Prime-number Generation

Algorithms

In each of these algorithms, one draws candidates from a list of increasing integers, starting at the first prime, 2, & sieves them to remove those which are composite, thus leaving only the primes, as required.

Many algorithms in this domain, can be made to work much more efficiently when the list of candidates is finite, i.e. capped by an upper bound, & some can only work given this constraint. Despite the advantage, this constraint has not been enforced in most of the implementations presented here; they typically operate on a list of candidates which lacks any upper bound, & is consequently infinite, liberating the user from the requirement to define in advance, the maximum prime required … which is often unknown.

Trial division:

One rejects candidates divisible by any of the primes previously found. If a candidate is indivisible by all the primes previously found, then it must itself be prime, & is added to the list against which future candidates must be proved. Since the list of known primes inevitably grows, the burden associated with proving the primality of subsequent candidates increases, suggesting an inherently poor time-complexity.

Turner's sieve:

The head of the list of candidates, is always guaranteed to be prime, & is used to filter the infinite list of remaining candidates, removing all those it divides. Dealing with infinite lists in conventional strict languages makes your head hurt, but the default lazy evaluation of Haskell, merely makes you jaw feel rather slack. Haskell code for this algorithm is frequently seen because of the beguilingly terse solution.

primes = 2 : sieve [3, 5 ..] where sieve (p : xs) = p : sieve [x | x <- xs, rem x p /= 0]

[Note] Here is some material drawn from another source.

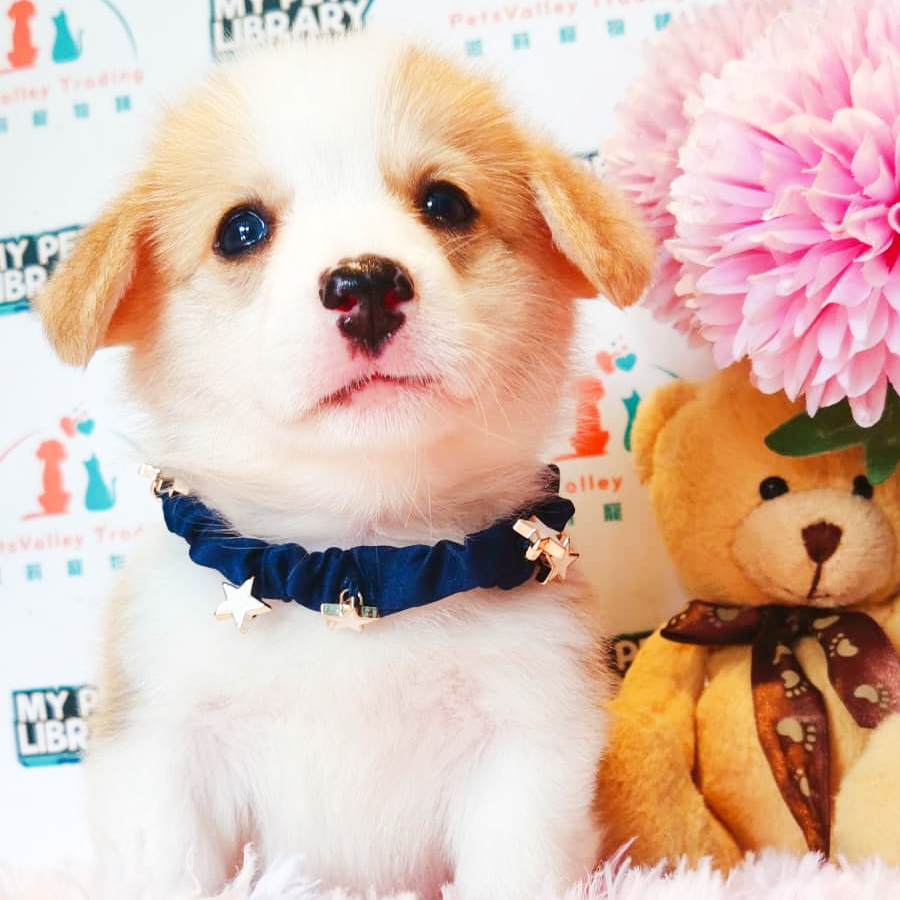 Welsh Corgi Puppy (Male) For Sale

Whilst the result seems to spring into existence like the creation of the Infinite Improbability Drive, it's not expected to share the stellar performance, since sadly it has already been unmasked, as Trial Division in disguise.

The Sieve of Eratosthenes:

This algorithm doesn't involve division; just multiplication, which is theoretically cheaper. As each prime is discovered, all its non-trivial multiples (starting from its square), which are by definition composite, are recorded. Each subsequent candidate must either be a member of this set of composites, or a prime, whose multiples are then recorded in the expanding set.

The secret to a successful implementation, lies in the container used to store the set of prime-multiples, which is required to support fast random insertion, fast inspection of the minimum value contained, fast deletion; fast everything really. The functional requirements initially suggest a Set, but since only the smallest unmatched multiple is ever of relevance, a Priority Queue is a closer match; the standard Haskell library lacks one of these, but Hackage provides PQueue. Regrettably, though this functioned as required, it didn't provide as fast a solution as a more complicated arrangement of two separate containers, a Seq supporting fast append & inspection of the head, & Map supporting fast random-access.

The Sieve of Atkin:

This algorithm differs from those previously described, in that it is, by necessity, bounded.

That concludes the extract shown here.